LREC 2000 2nd International Conference on Language Resources & Evaluation

Previous Paper   Next Paper

Title Sublanguage Dependent Evaluation: Toward Predicting NLP performances
Authors Illouz Gabriel (LIMSI, CNRS / Université Paris Sud, Orsay, France,
Keywords Evaluation (predictive), Performance Variations, POS Tagging, Sublanguages, Textual Typology
Session Session EO3 - Evaluation and Semantics
Full Paper, 252.pdf
Abstract In Natural Language Processing (NLP) Evaluation, such as MUC (Hirshman, 98), TREC (Harman, 98), GRACE (Adda et al, 97), SENSEVAL (Kilgarriff98), performance results provided are often average made on the complete test set.

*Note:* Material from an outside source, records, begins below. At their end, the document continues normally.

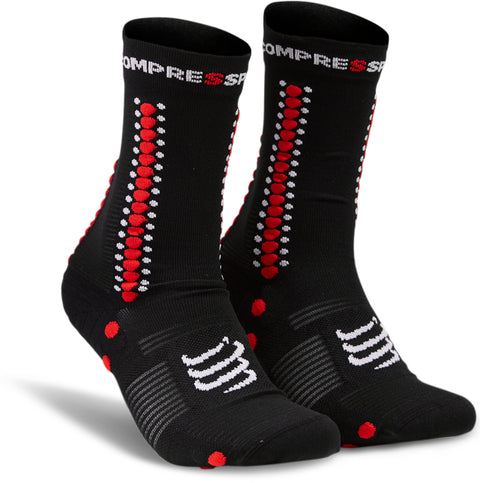 Compressport Pro Racing v4.0 Bike Socks - Unisex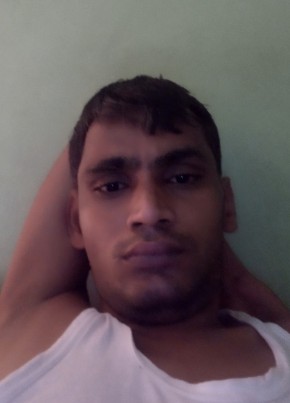 Deepak Kumar, 35, India, Ghaziabad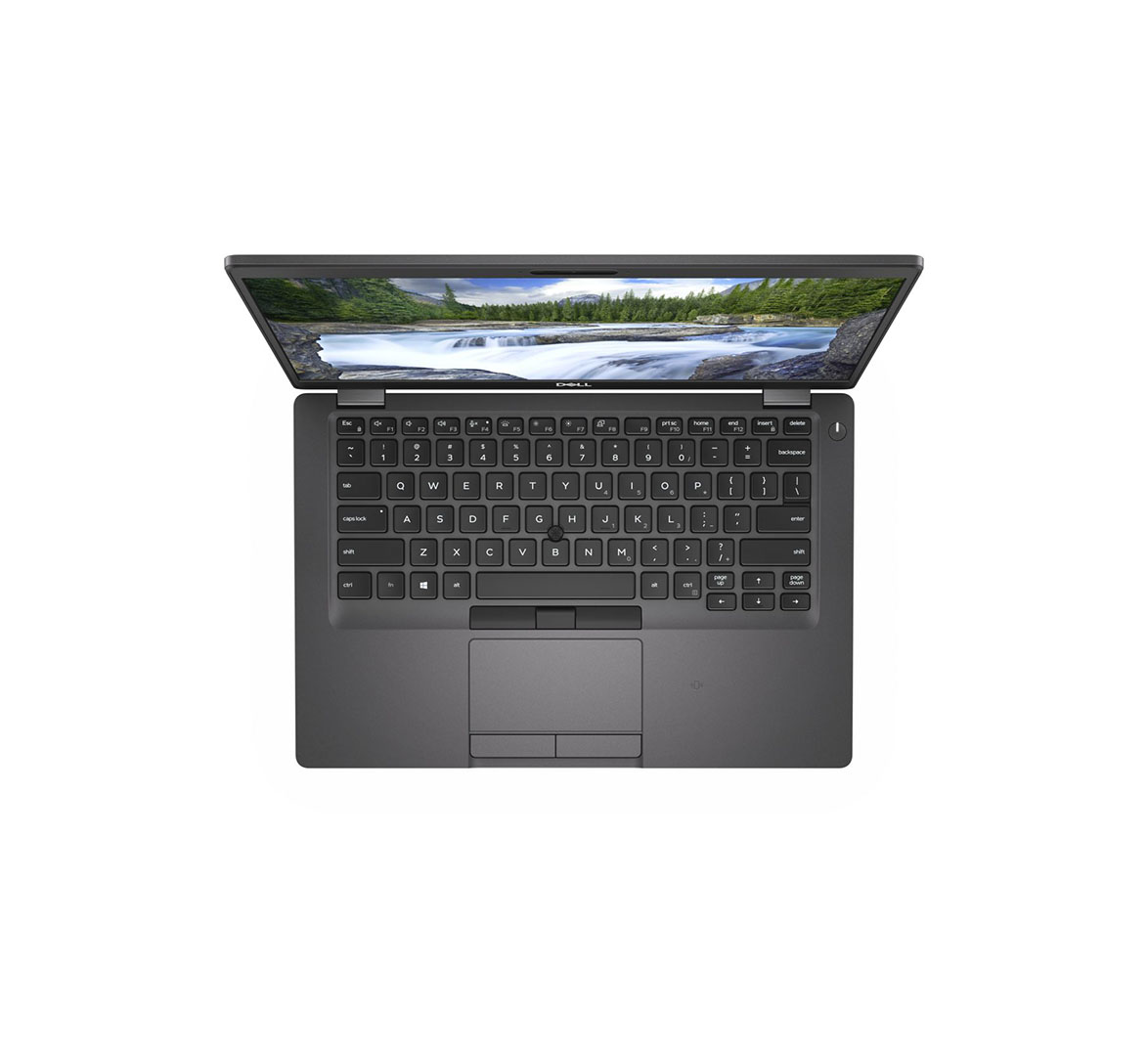 Dell Latitude 5400 Business Laptop 14" FHD I5-8350U 16GB 256GB SSD Windows 11 Pro (Renewed)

That does not give any clues on the systems robustness. knowing which system performs better on average does not help us to find which is the best for a given subset of a language. In the present article, the existing approaches which take into account language heterogeneity and offer methods to identify sublanguages are presented. Then we propose a new metric to assess robustness and we study the effect of different sublanguages identified in the Penn Tree Bank Corpus on performance variations observed for POS tagging. The work we present here is a first step in the development of predictive evaluation methods, intended to propose new tools to help in determining in advance the range of performance that can be expected from a system on a given dataset.